Transcribe the data verbatim and drop its images.

↓

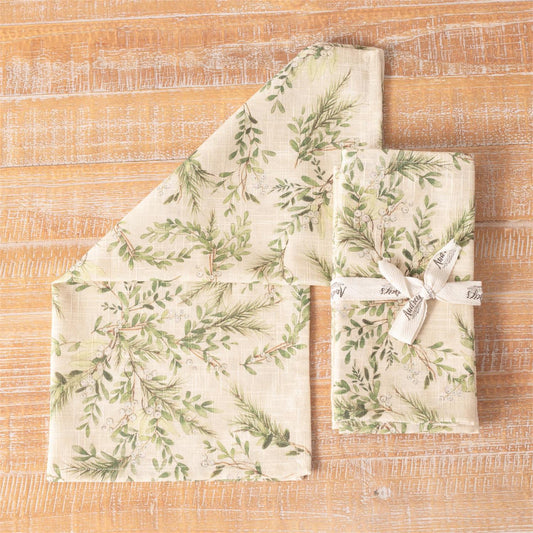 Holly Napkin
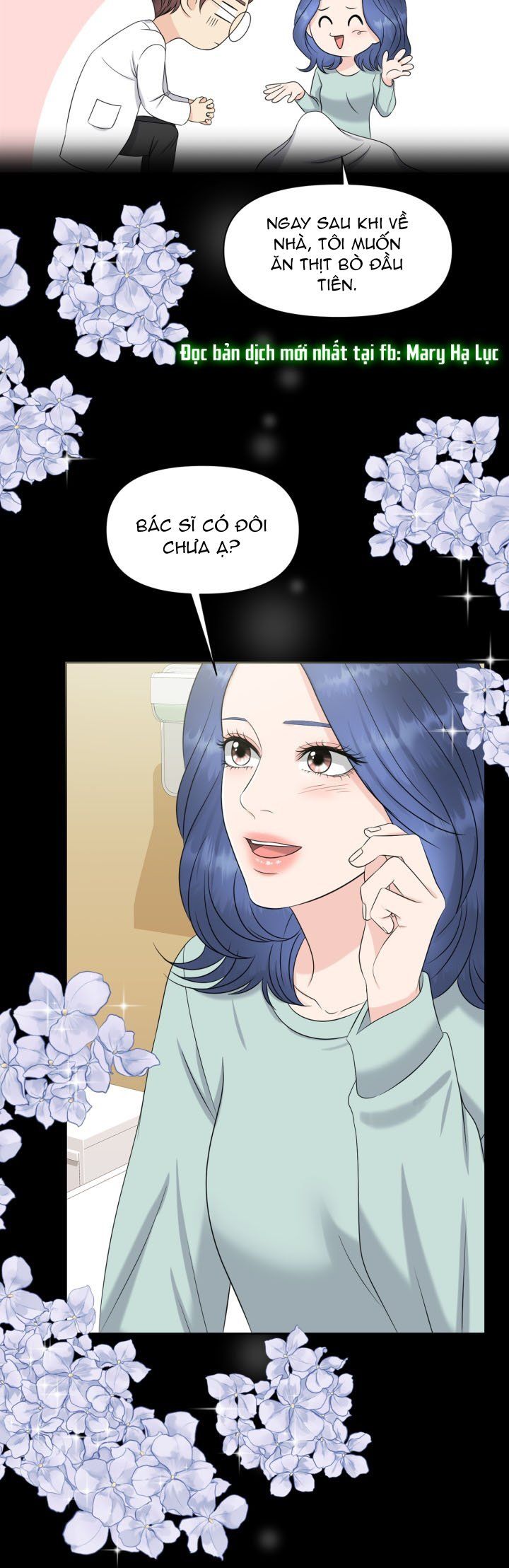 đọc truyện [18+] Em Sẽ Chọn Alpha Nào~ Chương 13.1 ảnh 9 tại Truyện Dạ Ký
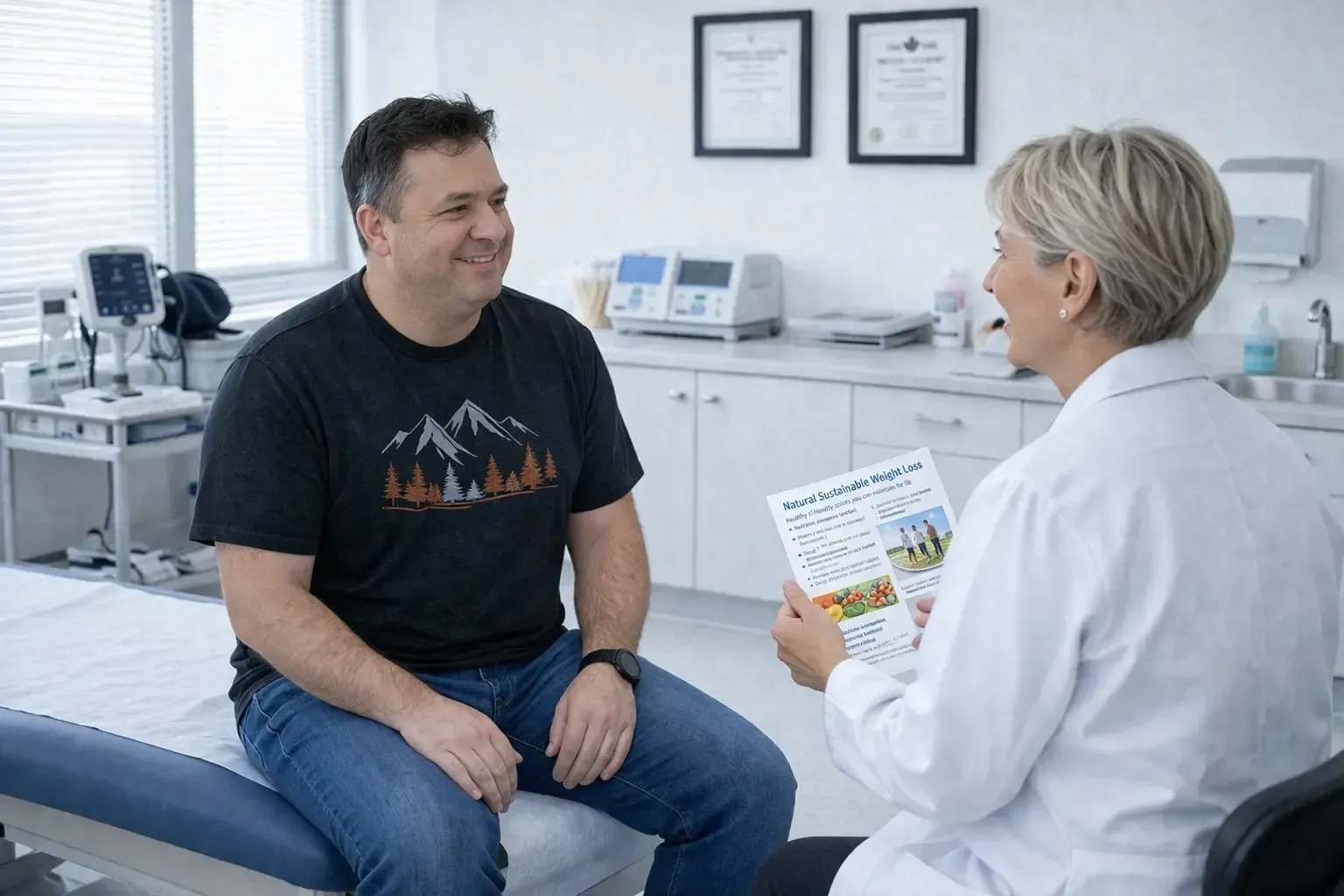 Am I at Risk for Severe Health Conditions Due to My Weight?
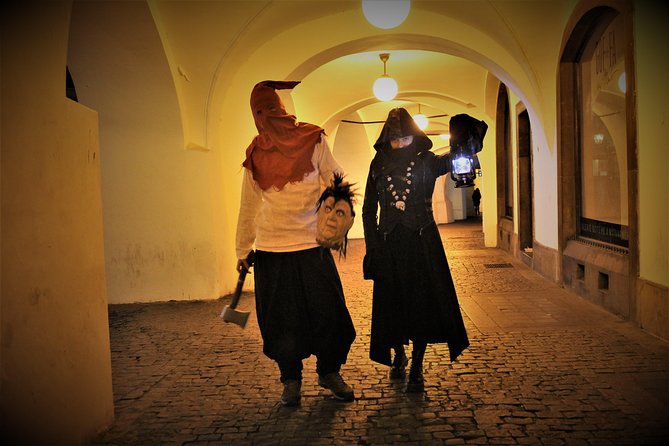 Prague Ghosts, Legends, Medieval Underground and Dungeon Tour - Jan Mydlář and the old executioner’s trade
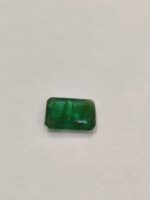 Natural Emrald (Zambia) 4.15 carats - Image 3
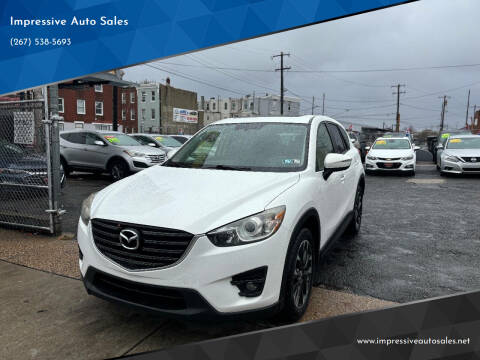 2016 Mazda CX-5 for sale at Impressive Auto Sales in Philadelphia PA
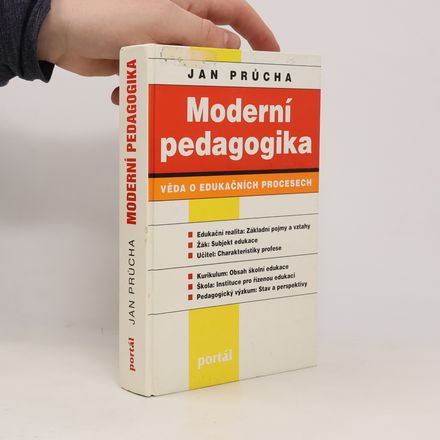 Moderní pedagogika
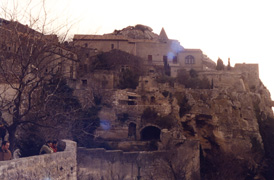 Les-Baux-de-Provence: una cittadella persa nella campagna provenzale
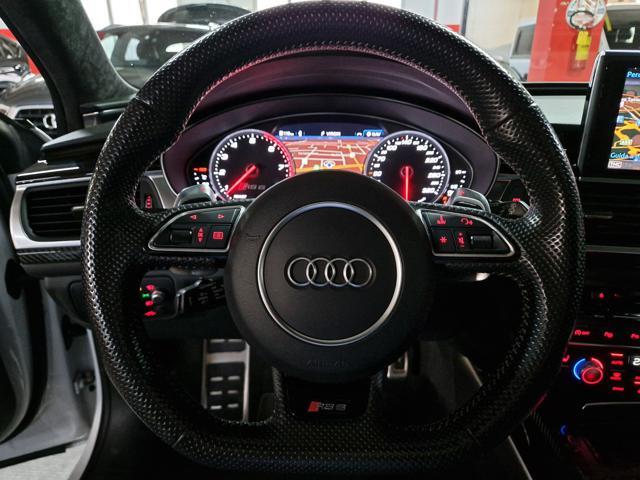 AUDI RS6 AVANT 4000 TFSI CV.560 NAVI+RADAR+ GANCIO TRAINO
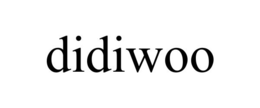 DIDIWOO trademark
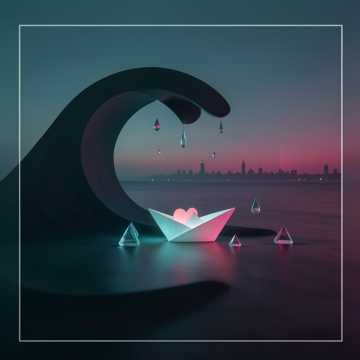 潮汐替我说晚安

↑

# Solution to this task:
 Holly Napkin
 đọc truyện [18+] Em Sẽ Chọn Alpha Nào~ Chương 13.1 ảnh 9 tại Truyện Dạ Ký
 Am I at Risk for Severe Health Conditions Due to My Weight?
 Prague Ghosts, Legends, Medieval Underground and Dungeon Tour - Jan Mydlář and the old executioner’s trade
 Natural Emrald (Zambia) 4.15 carats - Image 3
 2016 Mazda CX-5 for sale at Impressive Auto Sales in Philadelphia PA
 Moderní pedagogika
 Les-Baux-de-Provence: una cittadella persa nella campagna provenzale
 AUDI RS6 AVANT 4000 TFSI CV.560 NAVI+RADAR+ GANCIO TRAINO
 DIDIWOO trademark
 潮汐替我说晚安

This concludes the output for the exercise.